Auf 264,9 Quadratkilometern dehnt sich das Pirin-Gebirge im Südwesten Bulgariens aus und nimmt etwa die Hälfte von Bulgariens grösstem Nationalpark ein. Der Park ist seit 1983 als UNESCO Weltnaturerbe gelistet. Der Regierungsbeschluss, an diesem Ort den Bau von Skipisten, Golfplätzen und Wellness-Zentren zu erlauben, hat im ganzen Land zu Protesten geführt.
Die Protestierenden wehren sich vorab aus Umweltschutzgründen gegen die Verbauung des Pirin Nationalparks und stellen das herrschende Gesellschaftssystem nicht grundsätzlich in Frage.
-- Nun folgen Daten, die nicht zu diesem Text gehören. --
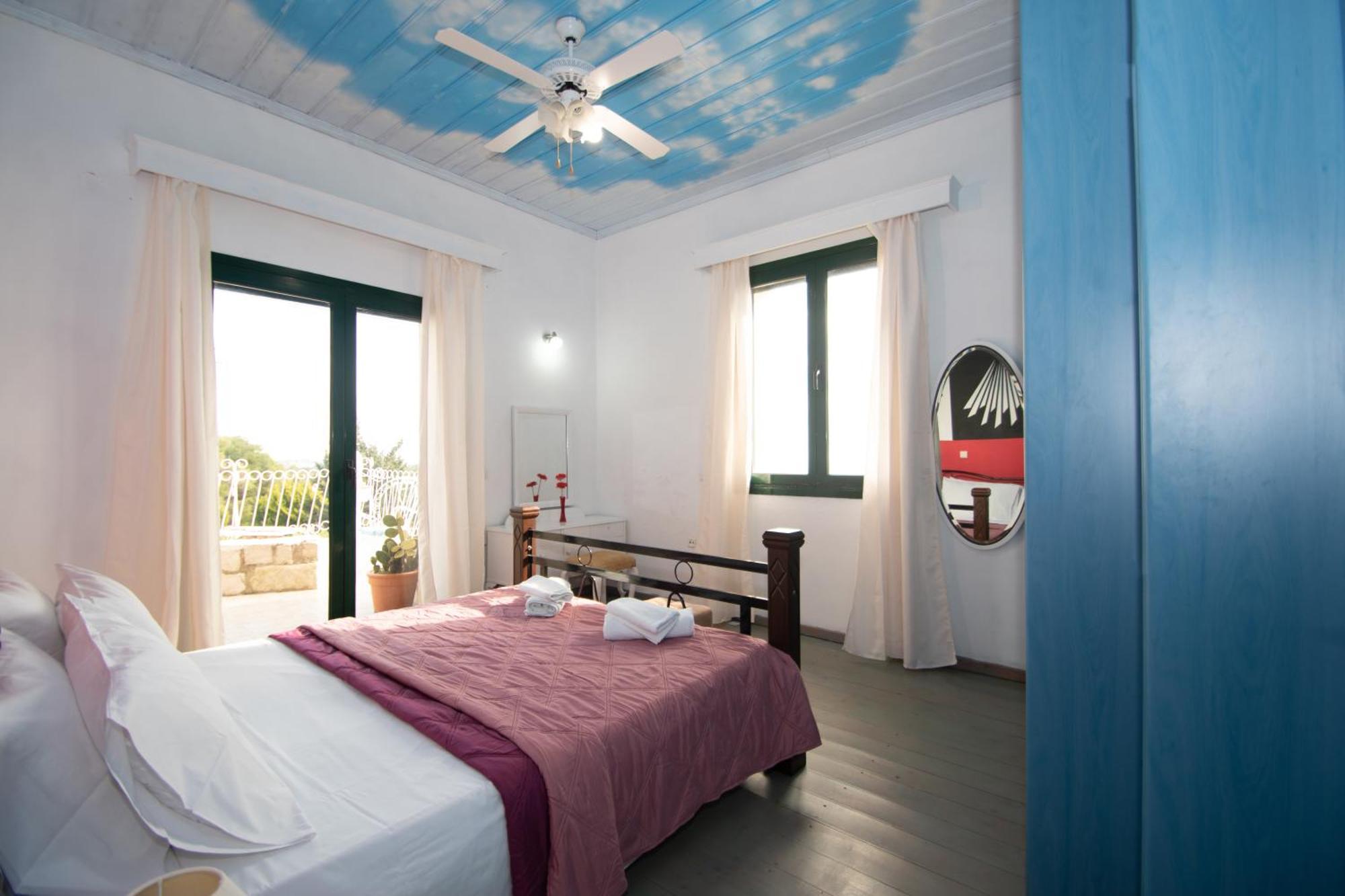 Villa Voula Agios Nikolaos  Eksteriør bilde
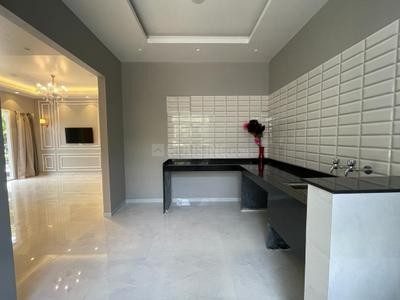 Kitchen Image of 1090 Sq.ft 2 BHK Apartment / Flat for sale in Codename Superstar, Undri Pune for Rs. 6300000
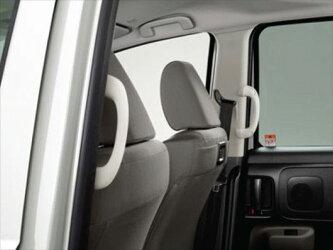 トヨタ純正用品　シエンタ　純正 FXE FKS リヤアシストグリップ ※左側用　0823A-52070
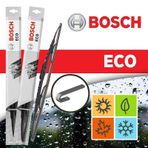 Bosch Eco Suziki Sx4 S-cross 2007-2013 Silecek Takımı
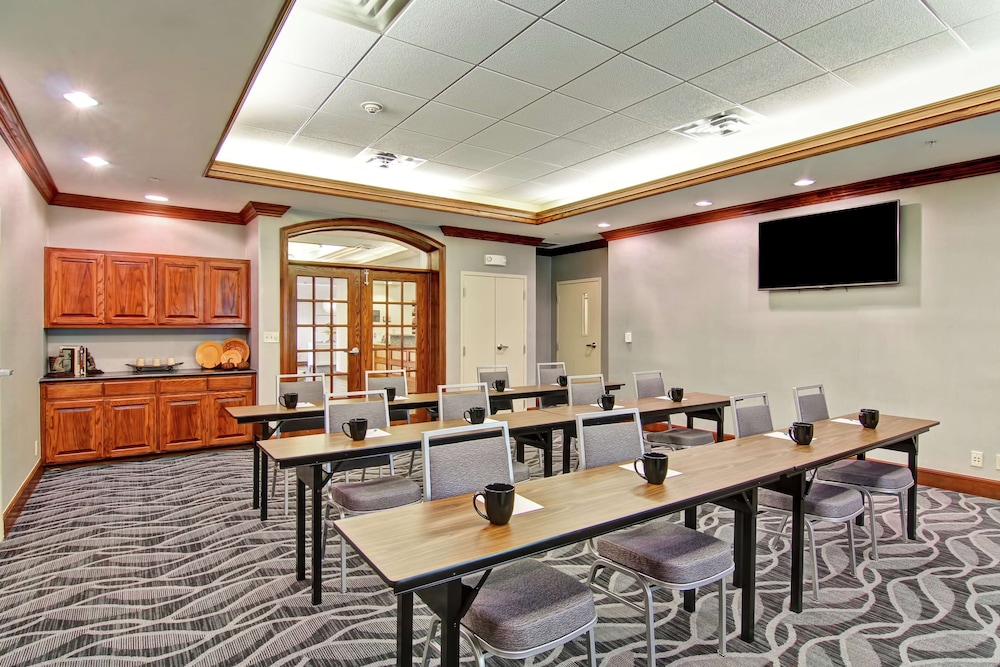 Homewood Suites by Hilton Oklahoma City West - photo 35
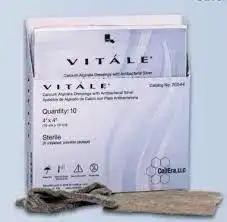 Calcium Alginate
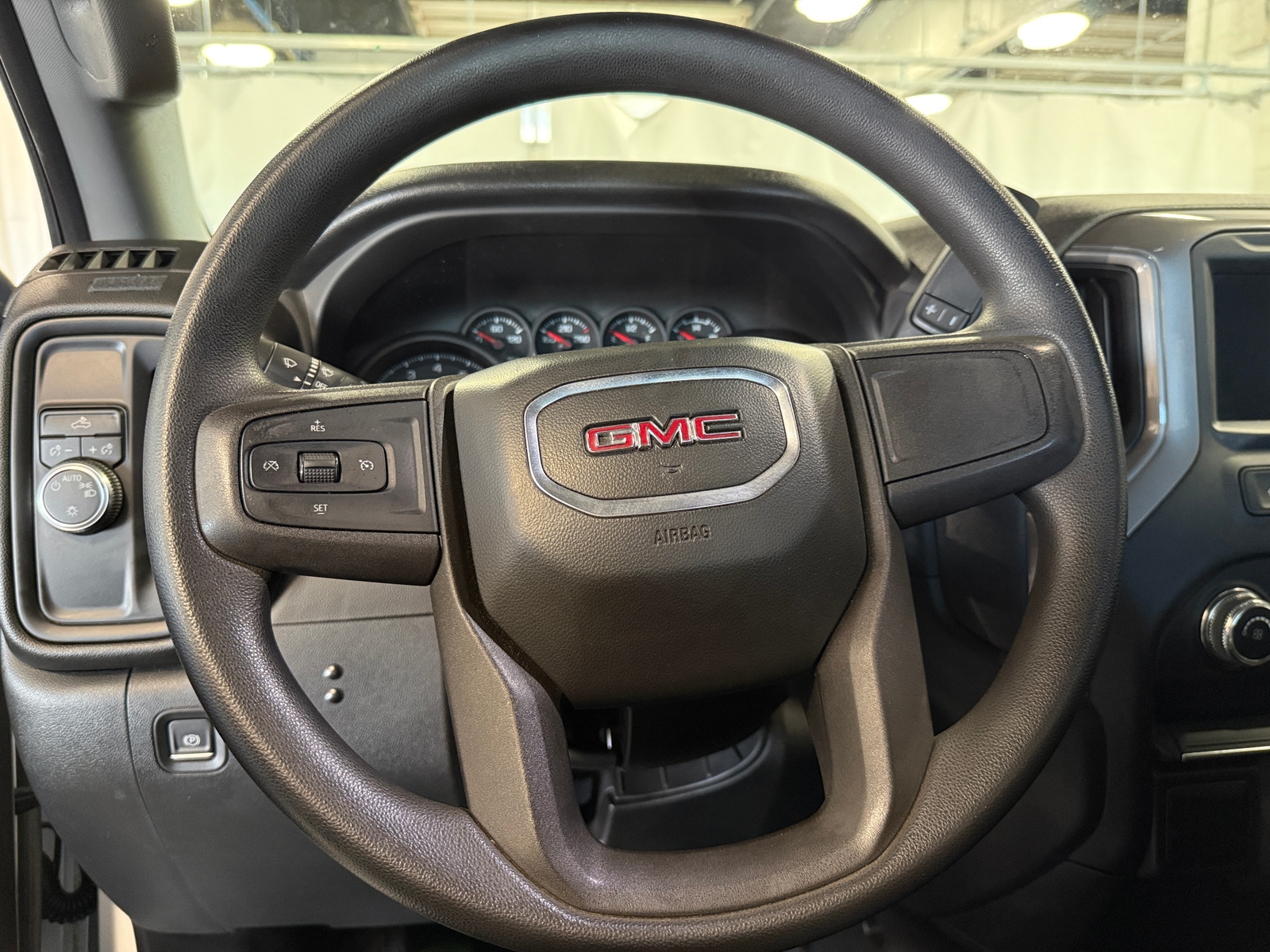 Thumbnail: 2020 GMC Sierra 3500 - 4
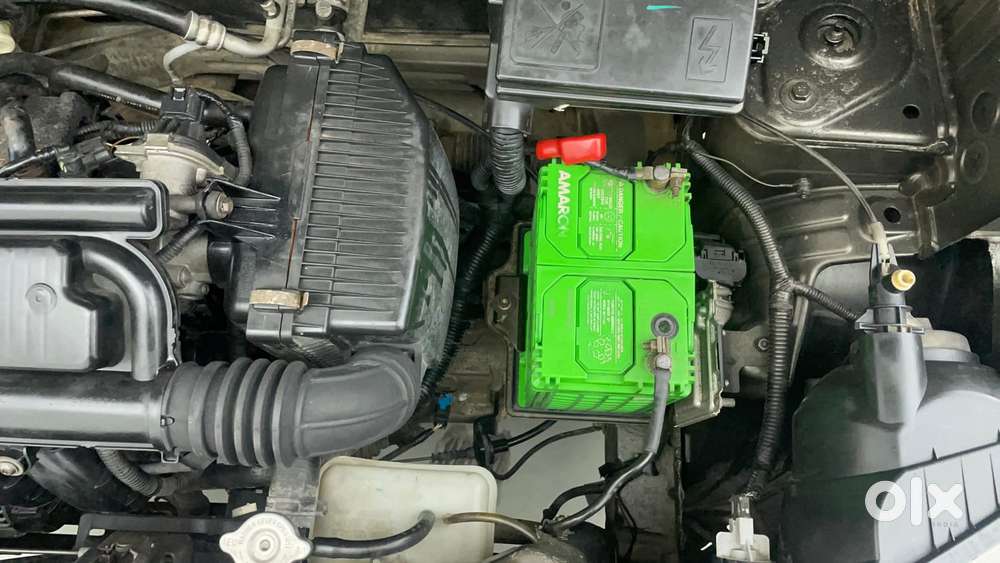 Renault Kwid 1.0 Rxt Sce Special (o), 2017, Petrol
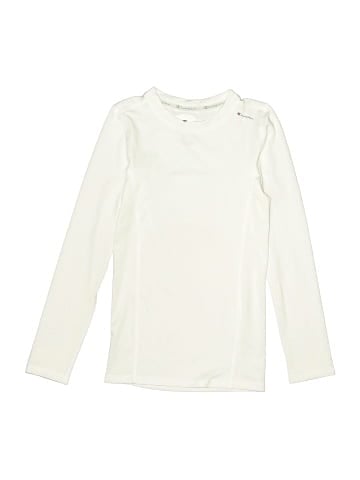 Champion Long Sleeve T-Shirt (view 1)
Den Protest führen die die Grünen und vereinzelte liberale bzw. konservative Parteien wie "Ja, Bulgarien" und "Demokraten für ein starkes Bulgarien" an. Viele Teilnehmende sind entweder links oder unpolitisch eingestellt. Auch parteiunabhängige linke Gruppen und Mitglieder der Autonomen ArbeiterInnen-Gewerkschaft beteiligen sich aktiv an den Protesten.
In der Hauptstadt Sofia fand die grösste Demonstration mit mehr als 8’000 Teilnehmenden statt. Die Proteste machten jedoch nicht an den Landesgrenzen halt – auch ausserhalb Bulgariens, z.B. in London, Berlin und Sidney, fanden Kundgebungen statt.

Die Eliten wehren sich

Die staatliche ebenso wie die private Berichterstattung in den bulgarischen Medien zu den Protesten sind von einem aggressiven Tonfall geprägt. Auch bekannte Persönlichkeiten wie AthletInnen und Showbiz-Stars, die von den Oligarchen gesponsert werden, verurteilen die Proteste. Alle im Parlament vertretenen politischen Parteien tun dasselbe. DemonstrantInnen wurden etwa als "Haufen grüner Erpresser, welche die Wirtschaft töten wollen" bezeichnet.
Doch auch unter den Protestierenden kam es zu Konflikten. Während der Demonstrationen in Plovdiv wurden friedlich Protestierende, die jedoch ein Transparent mit der Aufschrift "Der Kapitalismus tötet" trugen, von den Organisatoren des Protests angegriffen. Die Polizei musste hinzugerufen werden.
Unterdessen bezeichnete sich im EU-Parlament sogar der bulgarische Premierminister Boiko Borisov als "grüner Mann". In seiner Rede über den "Pirin-Skandal" sparte er nicht an offenen Lügen. Der private Oligarch, der die Baubewilligung für Pirin erhalten hat, erhält die volle Unterstützung der EU. Die Proteste im ganzen Land gehen deshalb weiter. Bulgarische Geschäftsleute fürchten die Forderung nach einer Volksabstimmung und sagen: "Kein Referendum kann das Schicksal der bulgarischen Wirtschaft lösen."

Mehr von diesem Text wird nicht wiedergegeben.